• [What this task involves] Below are records with pictures; copy word for word only the lines between the line with "Hello everyone, I" and the line with "So what we can", inclusive, and drop the pictures.

• [Provided records]
####################
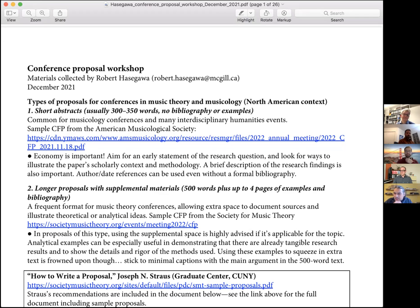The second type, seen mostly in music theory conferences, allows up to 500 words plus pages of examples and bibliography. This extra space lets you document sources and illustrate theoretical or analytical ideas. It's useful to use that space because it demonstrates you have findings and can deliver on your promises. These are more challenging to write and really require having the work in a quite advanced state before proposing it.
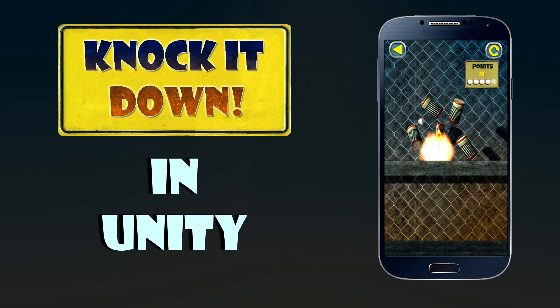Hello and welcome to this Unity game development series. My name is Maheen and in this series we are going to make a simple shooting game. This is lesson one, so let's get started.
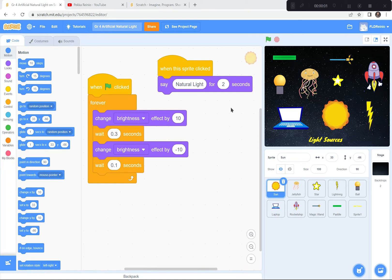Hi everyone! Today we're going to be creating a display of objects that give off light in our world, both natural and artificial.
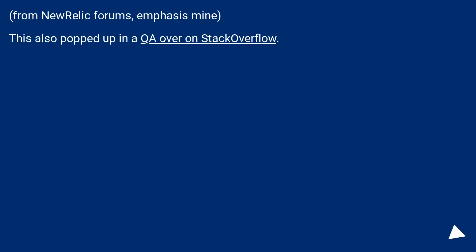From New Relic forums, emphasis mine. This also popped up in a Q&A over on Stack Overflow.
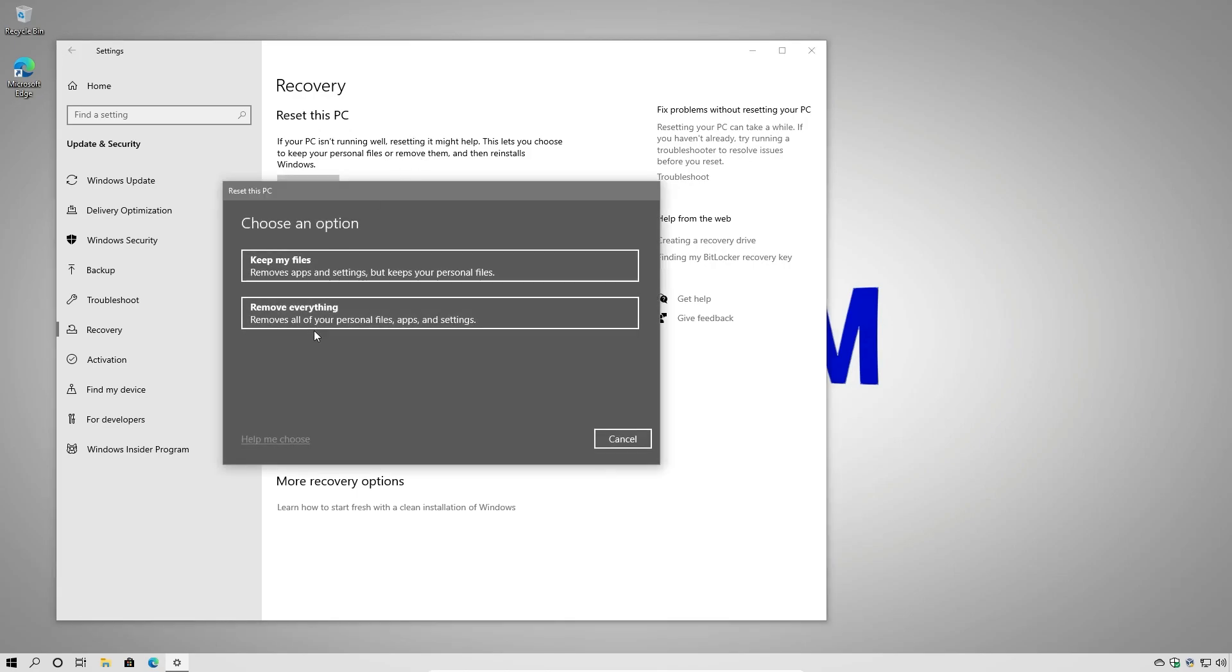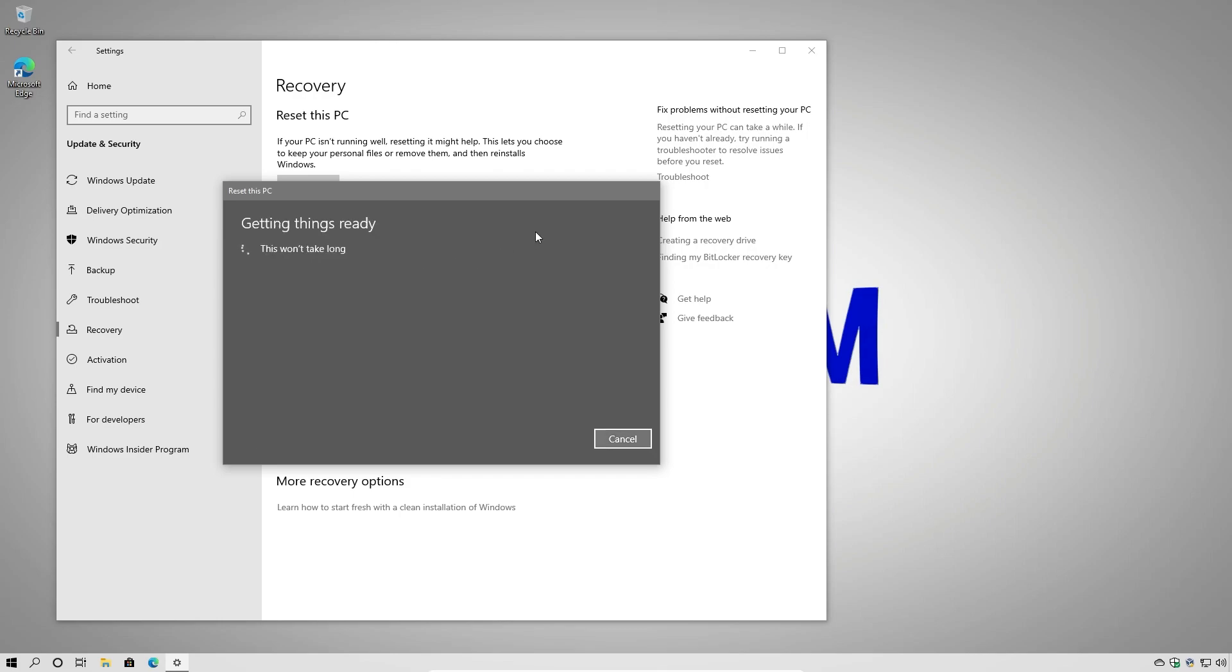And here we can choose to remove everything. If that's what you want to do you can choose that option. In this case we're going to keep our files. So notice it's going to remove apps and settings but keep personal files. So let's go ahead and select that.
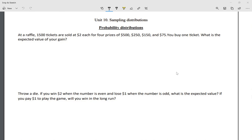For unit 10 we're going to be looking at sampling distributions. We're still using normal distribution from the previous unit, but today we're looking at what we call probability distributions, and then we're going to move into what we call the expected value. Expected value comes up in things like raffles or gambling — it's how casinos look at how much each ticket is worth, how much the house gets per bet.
####################
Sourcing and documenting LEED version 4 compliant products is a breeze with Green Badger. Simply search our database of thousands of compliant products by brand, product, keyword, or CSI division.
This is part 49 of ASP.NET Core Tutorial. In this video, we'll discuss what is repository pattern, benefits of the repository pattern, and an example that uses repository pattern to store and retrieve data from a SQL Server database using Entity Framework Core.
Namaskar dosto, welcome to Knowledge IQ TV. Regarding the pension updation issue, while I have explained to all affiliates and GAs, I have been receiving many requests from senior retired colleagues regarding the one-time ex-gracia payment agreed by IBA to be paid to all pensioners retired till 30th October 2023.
####################
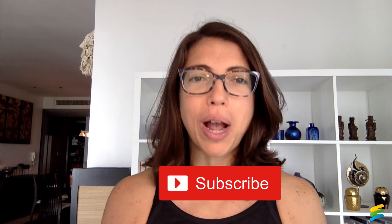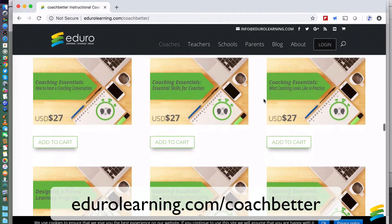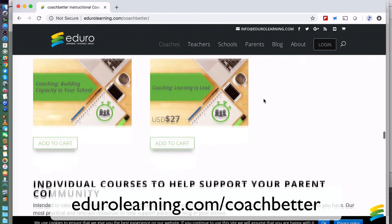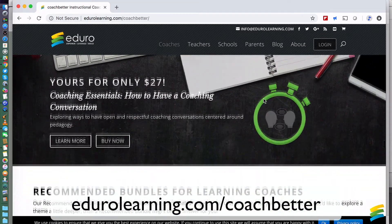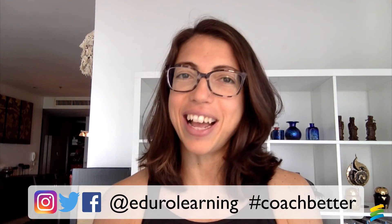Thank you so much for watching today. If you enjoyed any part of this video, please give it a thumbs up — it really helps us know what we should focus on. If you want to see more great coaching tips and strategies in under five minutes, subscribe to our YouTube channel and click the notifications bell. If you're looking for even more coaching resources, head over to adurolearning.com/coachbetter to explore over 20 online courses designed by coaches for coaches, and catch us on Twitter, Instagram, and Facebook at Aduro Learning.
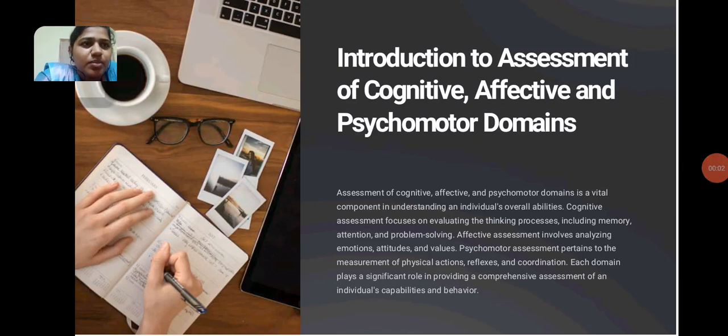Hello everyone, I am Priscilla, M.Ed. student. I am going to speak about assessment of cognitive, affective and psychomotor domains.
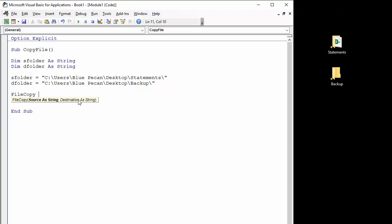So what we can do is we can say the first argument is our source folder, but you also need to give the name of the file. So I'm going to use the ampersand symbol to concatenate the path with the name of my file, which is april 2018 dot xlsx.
####################
• [Answer to the exercise]
Hello everyone, I am Priscilla, M.Ed. student. I am going to speak about assessment of cognitive, affective and psychomotor domains.
So what we can do is we can say the first argument is our source folder, but you also need to give the name of the file. So I'm going to use the ampersand symbol to concatenate the path with the name of my file, which is april 2018 dot xlsx.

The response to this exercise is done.